Duelfer found no formal plan by Hussein to resume production of banned weapons, but the inspector surmised that the ousted dictator intended to do so if U.N. sanctions were lifted. Bush seized upon that inference, using the word "intent" three times in reference to possible Hussein plans to resume making weapons.

This week marks the first time that the Bush administration has listed abuses in the U.N. oil-for-fuel program as a rationale for war with Iraq. But the strategy holds risks because the countries that could be implicated include U.S. allies, such as Poland, Jordan and Egypt. In addition, the United States played a significant role in both the creation of the program and how it was operated and overseen.

For his part, Cheney dismissed the significance of Duelfer's central findings, telling supporters in Miami: "The headlines all say, 'No weapons of mass destruction stockpiled in Baghdad.' We already knew that."

The vice president said he found other parts of the report "more intriguing," including the finding that Hussein's main goal was the removal of international sanctions.

"As soon as the sanctions were lifted, he had every intention of going back" to his weapons program, Cheney said.

The report underscored that "delay, defer, wait wasn't an option," Cheney said. He told a later forum in Fort Myers, Fla., speaking of the oil-for-food program: "The sanctions regime was coming apart at the seams. Saddam perverted that whole thing and generated billions of dollars."

Yet Bush and Cheney acknowledged more definitively than before that Hussein did not have the banned weapons that both men had asserted he did – and had cited as the major justification before attacking Iraq last year.

Bush has recently left the question open. For example, when asked in June whether he thought such weapons had existed in Iraq, the president said he would "wait until Charlie (Duelfer) gets back with the final report."

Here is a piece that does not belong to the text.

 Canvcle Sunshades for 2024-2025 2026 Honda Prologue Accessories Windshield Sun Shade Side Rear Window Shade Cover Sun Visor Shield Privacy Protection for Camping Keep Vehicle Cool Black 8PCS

In July, Bush said, "We have not found stockpiles of weapons of mass destruction," a sentence construction that kept alive the possibility that the weapons might yet be discovered.

Yesterday, Bush used the clearest language to date nailing the question shut. "Iraq did not have the weapons that our intelligence believed were there," he said, his words placing the blame on U.S. intelligence agencies.

In recent weeks, Cheney has glossed over the primary justification for the war, most often by simply not mentioning it. But in late January, Cheney told reporters in Rome, "There's still work to be done to ascertain exactly what's there."

That same week, when asked on National Public Radio whether Iraq had possessed banned weapons, Cheney said, "The jury is still out."

Duelfer's report was presented to senators and the public with less than four weeks left in a fierce presidential campaign dominated by questions about Iraq and the war on terror.

Bush has chosen to give no ground on his handling of the war, even after a week that his own aides concede has brought nothing but bad news, from the CIA report to a declaration by the former U.S. administrator in Iraq, L. Paul Bremer, that the administration committed far too few troops to secure Iraq after the invasion was over.

Yesterday in Bayonne, N.J., Democratic vice-presidential candidate Sen. John Edwards called "amazing" Cheney's assertions that the Duelfer report justified rather than undermined Bush's decision to go to war, and he accused the Republican of using "convoluted logic."

While campaigning in Wisconsin, Bush angrily responded to Kerry's charge that he sought to "make up" a reason for war.

"He's claiming I misled America about weapons when he, himself, cited the very same intelligence about Saddam's weapons programs as the reason he voted to go to war," Bush said. Citing a lengthy Kerry quote from two years ago on the threat Hussein could pose, Bush said, "Just who's the one trying to mislead the American people?"

The Kerry campaign said Bush had yanked the words out of context and noted that in the same speech, Kerry said: "Regime change in and of itself is not sufficient justification for going to war, particularly unilaterally, unless regime change is the only way to disarm Iraq of the weapons of mass destruction pursuant to the United Nations resolution. As bad as he is, Saddam Hussein, the dictator, is not the cause of war."


The New York Times News Service contributed to this report.